● **Provided information**:
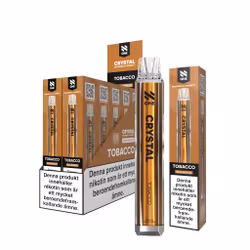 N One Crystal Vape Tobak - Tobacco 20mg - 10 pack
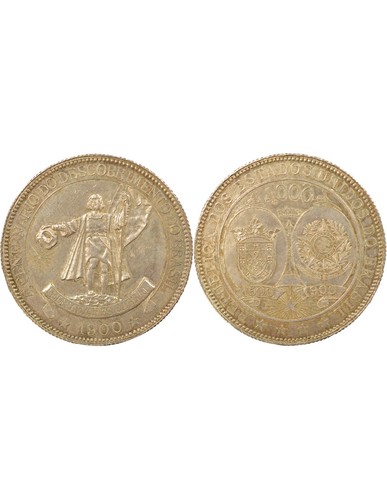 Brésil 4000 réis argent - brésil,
...
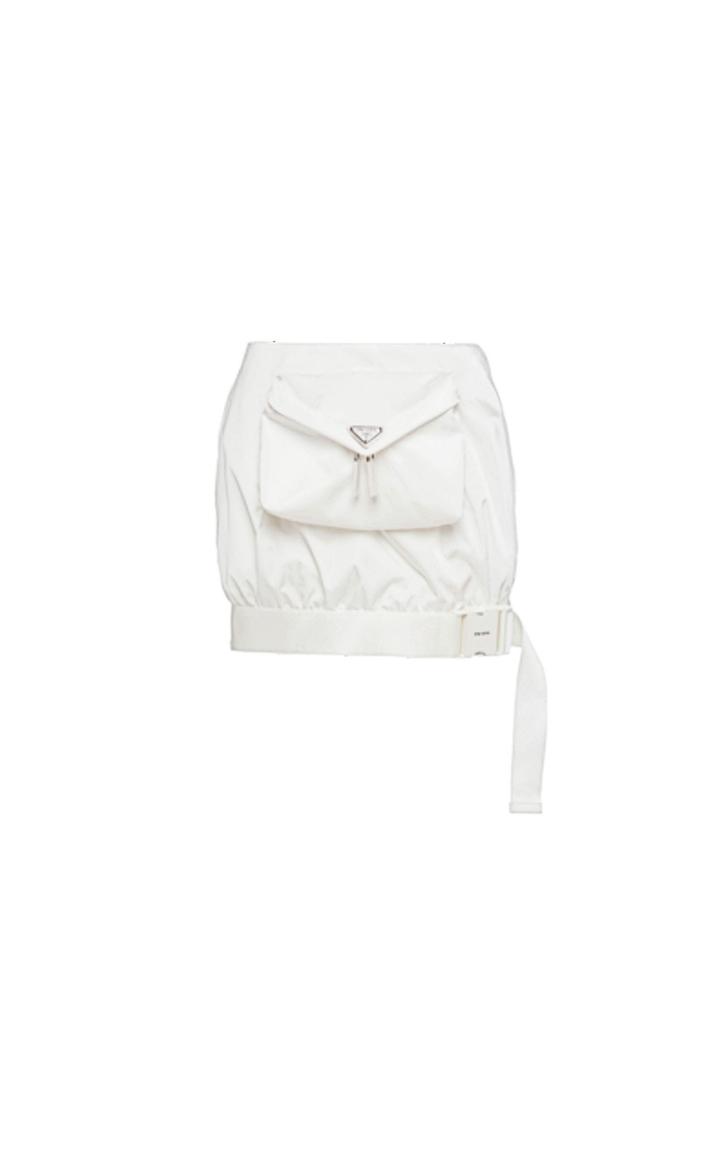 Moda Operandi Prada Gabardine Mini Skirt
---
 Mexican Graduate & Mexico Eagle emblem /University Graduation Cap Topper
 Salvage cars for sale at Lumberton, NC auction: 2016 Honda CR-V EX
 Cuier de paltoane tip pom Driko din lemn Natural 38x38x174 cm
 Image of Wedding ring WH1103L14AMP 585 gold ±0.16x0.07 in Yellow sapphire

● **Exercise goal**: Beginning with the line holding "Cuier de paltoane" and ending with the line holding "Image of Wedding", write out the stretch of material above exactly; add no further lines.

● **Answer space**:
 Cuier de paltoane tip pom Driko din lemn Natural 38x38x174 cm
 Image of Wedding ring WH1103L14AMP 585 gold ±0.16x0.07 in Yellow sapphire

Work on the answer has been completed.